The Vols drew nine walks, which helped them score eight runs despite collecting just seven hits on what Serrano called an “opportunity” day at the plate.
“Early in the season, your blood’s flowing, your heart’s beating, and you want to go for the fence,” said Price, who was 3-for-4 on Monday with four RBI. “But a lot of times, you’ve really just got to take what the defense gives you, or what the pitchers give you. If they’re not gonna fill up the zone, or if they’re not gonna establish a low strike zone ... you know, if they make mistakes, we’re gonna make ‘em pay.
“But fortunately for us today, they were a little erratic. They were all over the place, and we just took what they gave us.”
Freshman designated hitter Nick Senzel from Knox County powerhouse national Farragut High School continued the hot start to his college career, going 2-for-2 on Monday to finish his first series with a .444 batting average.
Smart, Schultz and sophomore center fielder Vincent Jackson also had at least one RBI for the Vols, whose preseason confidence at the plate hasn’t been curtailed.
“We have a lot of confidence in our offense, and we feel like one through nine, we’re just as good as really anyone in the country,” said Price, the SEC’s leading returning hitter from last season. “We’ve got speed. We’ve got power. We’ve got all the tools this year to have a very successful offense.”
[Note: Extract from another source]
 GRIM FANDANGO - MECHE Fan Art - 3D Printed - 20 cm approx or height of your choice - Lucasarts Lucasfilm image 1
As good as the Vols felt this weekend, though, Serrano said he and his players knew the schedule was about to get tougher.
Tennessee hosts Appalachian State (0-3) on Wednesday at 3 p.m. EST before hosting solid UNLV (4-0) on Friday, Saturday and Sunday.
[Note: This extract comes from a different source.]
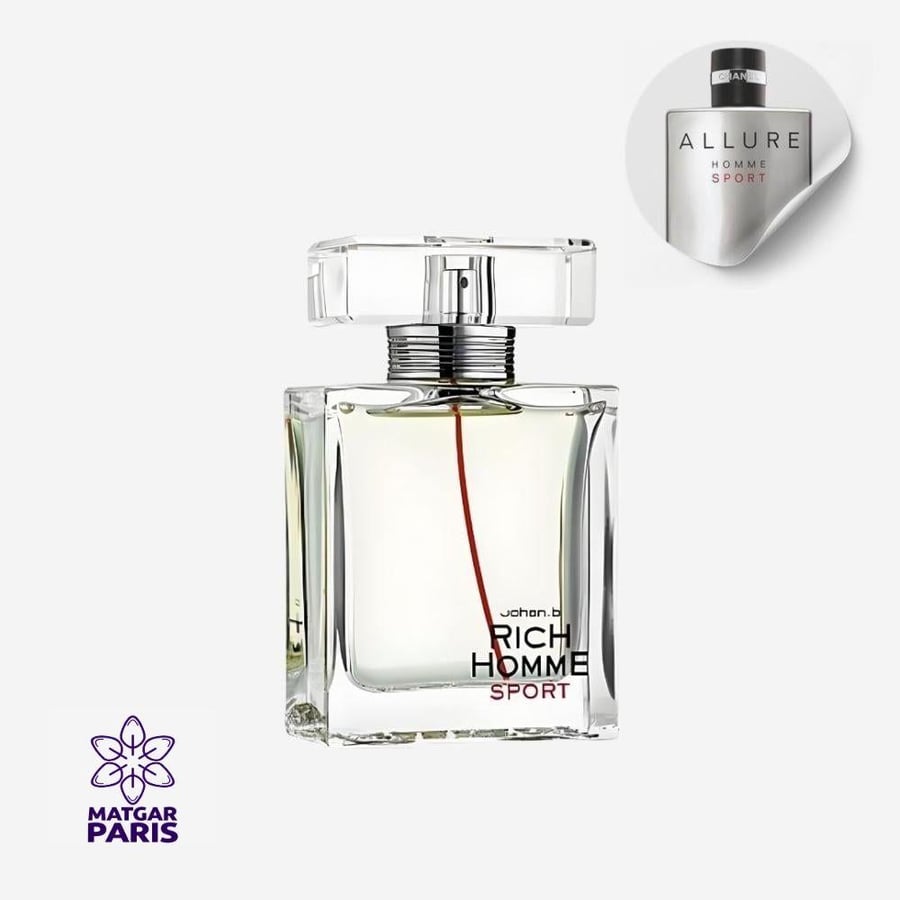 عطر رتش هوم سبورت جوهان بي - 100 مل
Sophomore left-hander Andy Cox (0-0, 0.00 ERA) is scheduled to start on the mound for theVols on Wednesday after looking solid in two innings of one-hit relief against Purdue on Sunday. Cox had a 5.29 ERA in 21 appearances — six being starts — last season as a freshman.
Appalachian State opened its season by being swept at 25th-ranked Arkansas in Fayetteville. The Mountaineers were thumped in the opener before coming back to play better on Saturday and Sunday, losing those games by final scores of 7-6 and 8-3.
“We still have a long ways to go,” Serrano said. “I don’t think anyone’s ever won an SEC championship or a national championship on one weekend sweep. It gets us going in the direction, but just like I told (the team), if we were 0-3, we’re still gonna work on the same things when we get back to the table.
“And we’re gonna continue to build as a team and as a program, and not be satisfied with where we’re at.”
But a season-opening sweep is a “great way to get going,” as Price noted with a big grin.
“Yes, it is (a good start) — long time coming, too,” Price said. “It took us a couple extra days to finally get out here. But 3-0, I mean, no matter who you’re playing or what level of competition you’re playing, 3-0 is a good way to start.”